Showing posts with label reviews: Goodwin (Doris Kearns). Show all posts
Showing posts with label reviews: Goodwin (Doris Kearns). Show all posts

Saturday, September 27, 2014

Review: "Team of Rivals," Doris Kearns Goodwin

History review of Team of Rivals by Doris Kearns Goodwin

By Paul Carrier

Anyone who has a passing familiarity with American history knows that Abraham Lincoln won the Republican presidential nomination in 1860 and went on to capture the White House, setting the stage for the birth of the Confederacy and the outbreak of the Civil War.

But who can name the other, at that time more prominent, hopefuls who unsuccessfully sought the Republican nod that year? All three losing contenders, who initially viewed Lincoln as a political lightweight, went on to play major roles in his administration as he tried to preserve the Union during four bloody years of internecine warfare.

That’s the story Doris Kearns Goodwin brings to dramatic, vivid life in Team of Rivals, which explains how Lincoln’s political savvy led him to give key government posts to William Seward, Salmon P. Chase and Edward Bates, who opposed Lincoln’s bid to lead the Republican ticket in 1860 but later joined his Cabinet.

Goodwin opens with fairly detailed biographical sketches of all four Republican presidential candidates — Lincoln, Seward, Chase and Bates — covering the eventful years leading up to Lincoln’s nomination and election. It isn’t until more than 200 pages into her 750-page account that delegates finally gather in Chicago for the Republican National Convention of 1860. That background information may strike some as ancillary, but it provides context. The 1840s and 1850s were a tumultuous period that requires explication. Readers deserve a full examination of Chase, Seward and Bates, who obviously are not as well known now as they were then. Lincoln, too, comes into sharper focus, as Goodwin notes, “when he is placed side by side with his three contemporaries.”

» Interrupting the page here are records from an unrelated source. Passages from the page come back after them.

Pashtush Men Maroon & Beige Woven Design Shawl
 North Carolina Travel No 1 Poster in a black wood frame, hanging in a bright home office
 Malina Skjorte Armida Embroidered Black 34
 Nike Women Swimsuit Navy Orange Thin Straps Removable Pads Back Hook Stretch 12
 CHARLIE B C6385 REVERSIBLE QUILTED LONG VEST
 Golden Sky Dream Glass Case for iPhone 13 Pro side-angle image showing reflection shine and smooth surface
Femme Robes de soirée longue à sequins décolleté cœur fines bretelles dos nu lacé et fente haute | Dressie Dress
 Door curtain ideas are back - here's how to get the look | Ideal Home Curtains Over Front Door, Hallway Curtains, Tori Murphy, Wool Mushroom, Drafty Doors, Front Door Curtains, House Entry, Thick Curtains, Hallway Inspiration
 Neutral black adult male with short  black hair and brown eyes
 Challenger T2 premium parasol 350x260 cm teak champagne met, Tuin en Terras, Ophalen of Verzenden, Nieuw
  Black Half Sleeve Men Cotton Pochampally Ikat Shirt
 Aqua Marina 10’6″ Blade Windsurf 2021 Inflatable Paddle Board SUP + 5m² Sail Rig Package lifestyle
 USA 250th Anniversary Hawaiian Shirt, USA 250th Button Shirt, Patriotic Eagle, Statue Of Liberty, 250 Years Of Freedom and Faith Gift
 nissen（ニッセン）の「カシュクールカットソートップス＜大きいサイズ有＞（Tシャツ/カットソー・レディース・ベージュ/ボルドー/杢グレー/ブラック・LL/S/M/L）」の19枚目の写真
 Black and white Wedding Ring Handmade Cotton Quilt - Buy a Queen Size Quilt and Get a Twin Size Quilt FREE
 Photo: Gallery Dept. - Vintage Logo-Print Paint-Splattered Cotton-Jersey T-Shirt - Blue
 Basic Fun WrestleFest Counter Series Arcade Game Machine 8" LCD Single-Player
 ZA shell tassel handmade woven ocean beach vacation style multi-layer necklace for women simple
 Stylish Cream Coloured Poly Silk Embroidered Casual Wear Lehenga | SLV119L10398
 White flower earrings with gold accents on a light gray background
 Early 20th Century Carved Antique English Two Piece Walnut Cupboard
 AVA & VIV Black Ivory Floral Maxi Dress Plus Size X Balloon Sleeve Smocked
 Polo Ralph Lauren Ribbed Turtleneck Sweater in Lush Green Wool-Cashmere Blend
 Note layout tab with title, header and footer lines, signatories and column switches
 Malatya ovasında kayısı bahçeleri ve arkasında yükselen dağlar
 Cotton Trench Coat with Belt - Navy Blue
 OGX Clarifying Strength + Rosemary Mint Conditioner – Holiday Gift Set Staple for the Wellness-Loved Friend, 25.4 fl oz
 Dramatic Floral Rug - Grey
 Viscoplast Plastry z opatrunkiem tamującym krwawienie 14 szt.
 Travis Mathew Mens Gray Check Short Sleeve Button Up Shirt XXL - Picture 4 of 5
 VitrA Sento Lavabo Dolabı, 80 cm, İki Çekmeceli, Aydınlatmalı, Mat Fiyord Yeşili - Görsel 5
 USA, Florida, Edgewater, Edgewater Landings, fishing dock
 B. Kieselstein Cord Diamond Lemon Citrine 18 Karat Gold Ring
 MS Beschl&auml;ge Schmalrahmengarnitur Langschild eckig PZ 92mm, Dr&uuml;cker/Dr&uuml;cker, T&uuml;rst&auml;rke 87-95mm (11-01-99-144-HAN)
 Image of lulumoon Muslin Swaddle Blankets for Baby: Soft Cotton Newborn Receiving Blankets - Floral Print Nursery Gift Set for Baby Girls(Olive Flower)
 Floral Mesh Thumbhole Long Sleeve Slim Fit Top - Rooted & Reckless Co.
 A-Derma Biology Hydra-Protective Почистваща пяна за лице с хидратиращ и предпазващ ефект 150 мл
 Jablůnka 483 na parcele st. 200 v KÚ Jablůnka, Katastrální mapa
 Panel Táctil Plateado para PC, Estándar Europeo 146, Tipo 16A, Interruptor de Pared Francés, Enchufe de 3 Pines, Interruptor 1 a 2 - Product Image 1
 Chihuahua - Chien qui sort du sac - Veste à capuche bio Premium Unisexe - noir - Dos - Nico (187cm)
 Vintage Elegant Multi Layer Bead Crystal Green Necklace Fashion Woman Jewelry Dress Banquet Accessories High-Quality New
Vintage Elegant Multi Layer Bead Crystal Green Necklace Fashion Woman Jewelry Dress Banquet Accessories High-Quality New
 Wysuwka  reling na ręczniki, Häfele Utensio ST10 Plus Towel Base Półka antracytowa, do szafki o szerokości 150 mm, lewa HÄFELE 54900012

Lincoln’s Cabinet included Chase as treasury secretary, Seward as secretary of state and Bates as attorney general. But they were not the only Cabinet members who had higher profiles than the man who hired them. Secretary of War Edwin Stanton, a vocal critic who once described Lincoln as a “long-armed ape”; Secretary of the Navy Gideon Wells; and Postmaster General Montgomery Blair fit that bill as well. “Every member of this administration was better known, better educated, and more experienced in public life than Lincoln,” Goodwin writes. Their presence in his inner circle “might have threatened to eclipse” the president, yet Lincoln emerged as “the undisputed captain” of this team of rivals.

Goodwin illustrates how those who underestimated Lincoln did so at their peril. As the Republican National Convention prepared to choose its presidential nominee in 1860, Seward, Chase and Bates did not view Lincoln as a serious opponent. And Lincoln’s rivals continued to jockey for power after the election. When the newly elected Lincoln offered Seward the secretary of state’s job, Seward assumed he and his patron, New York political boss Thurlow Weed, would play a prominent role in selecting the rest of the Cabinet. That did not happen. Once in office, Seward saw the president as a mere figurehead who would do his bidding, until Lincoln set him straight.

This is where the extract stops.